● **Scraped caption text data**
=====

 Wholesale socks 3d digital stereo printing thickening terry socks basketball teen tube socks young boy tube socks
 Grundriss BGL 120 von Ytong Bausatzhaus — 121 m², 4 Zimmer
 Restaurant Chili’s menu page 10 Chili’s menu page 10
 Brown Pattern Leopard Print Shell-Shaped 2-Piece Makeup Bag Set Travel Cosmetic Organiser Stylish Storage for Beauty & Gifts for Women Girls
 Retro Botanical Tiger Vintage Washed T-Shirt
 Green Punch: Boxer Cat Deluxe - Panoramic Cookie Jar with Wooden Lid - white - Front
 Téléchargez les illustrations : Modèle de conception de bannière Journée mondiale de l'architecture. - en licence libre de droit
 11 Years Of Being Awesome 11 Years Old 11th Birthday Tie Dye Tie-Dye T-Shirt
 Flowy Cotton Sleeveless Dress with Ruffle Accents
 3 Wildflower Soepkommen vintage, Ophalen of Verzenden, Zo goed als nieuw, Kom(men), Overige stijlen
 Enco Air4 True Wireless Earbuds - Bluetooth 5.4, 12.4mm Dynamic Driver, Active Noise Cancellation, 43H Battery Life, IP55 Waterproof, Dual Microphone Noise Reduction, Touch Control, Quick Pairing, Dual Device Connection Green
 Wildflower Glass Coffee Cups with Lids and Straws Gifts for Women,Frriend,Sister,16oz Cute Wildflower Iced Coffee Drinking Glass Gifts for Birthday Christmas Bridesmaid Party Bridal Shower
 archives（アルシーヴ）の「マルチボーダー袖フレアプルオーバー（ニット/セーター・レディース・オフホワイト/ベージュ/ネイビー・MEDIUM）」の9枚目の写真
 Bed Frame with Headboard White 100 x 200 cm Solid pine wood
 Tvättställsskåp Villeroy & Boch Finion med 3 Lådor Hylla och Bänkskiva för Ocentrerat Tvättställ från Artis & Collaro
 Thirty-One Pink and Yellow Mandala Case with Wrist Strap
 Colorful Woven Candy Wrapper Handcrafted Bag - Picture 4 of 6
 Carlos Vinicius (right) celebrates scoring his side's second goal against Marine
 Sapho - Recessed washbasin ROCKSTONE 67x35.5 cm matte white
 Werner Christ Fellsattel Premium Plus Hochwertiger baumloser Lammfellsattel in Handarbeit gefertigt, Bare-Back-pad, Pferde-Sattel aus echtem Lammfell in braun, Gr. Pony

=====

● **TASK DETAILS**
Each record above should be reproduced in full, exactly as it stands.

● **RESULT**
 Wholesale socks 3d digital stereo printing thickening terry socks basketball teen tube socks young boy tube socks
 Grundriss BGL 120 von Ytong Bausatzhaus — 121 m², 4 Zimmer
 Restaurant Chili’s menu page 10 Chili’s menu page 10
 Brown Pattern Leopard Print Shell-Shaped 2-Piece Makeup Bag Set Travel Cosmetic Organiser Stylish Storage for Beauty & Gifts for Women Girls
 Retro Botanical Tiger Vintage Washed T-Shirt
 Green Punch: Boxer Cat Deluxe - Panoramic Cookie Jar with Wooden Lid - white - Front
 Téléchargez les illustrations : Modèle de conception de bannière Journée mondiale de l'architecture. - en licence libre de droit
 11 Years Of Being Awesome 11 Years Old 11th Birthday Tie Dye Tie-Dye T-Shirt
 Flowy Cotton Sleeveless Dress with Ruffle Accents
 3 Wildflower Soepkommen vintage, Ophalen of Verzenden, Zo goed als nieuw, Kom(men), Overige stijlen
 Enco Air4 True Wireless Earbuds - Bluetooth 5.4, 12.4mm Dynamic Driver, Active Noise Cancellation, 43H Battery Life, IP55 Waterproof, Dual Microphone Noise Reduction, Touch Control, Quick Pairing, Dual Device Connection Green
 Wildflower Glass Coffee Cups with Lids and Straws Gifts for Women,Frriend,Sister,16oz Cute Wildflower Iced Coffee Drinking Glass Gifts for Birthday Christmas Bridesmaid Party Bridal Shower
 archives（アルシーヴ）の「マルチボーダー袖フレアプルオーバー（ニット/セーター・レディース・オフホワイト/ベージュ/ネイビー・MEDIUM）」の9枚目の写真
 Bed Frame with Headboard White 100 x 200 cm Solid pine wood
 Tvättställsskåp Villeroy & Boch Finion med 3 Lådor Hylla och Bänkskiva för Ocentrerat Tvättställ från Artis & Collaro
 Thirty-One Pink and Yellow Mandala Case with Wrist Strap
 Colorful Woven Candy Wrapper Handcrafted Bag - Picture 4 of 6
 Carlos Vinicius (right) celebrates scoring his side's second goal against Marine
 Sapho - Recessed washbasin ROCKSTONE 67x35.5 cm matte white
 Werner Christ Fellsattel Premium Plus Hochwertiger baumloser Lammfellsattel in Handarbeit gefertigt, Bare-Back-pad, Pferde-Sattel aus echtem Lammfell in braun, Gr. Pony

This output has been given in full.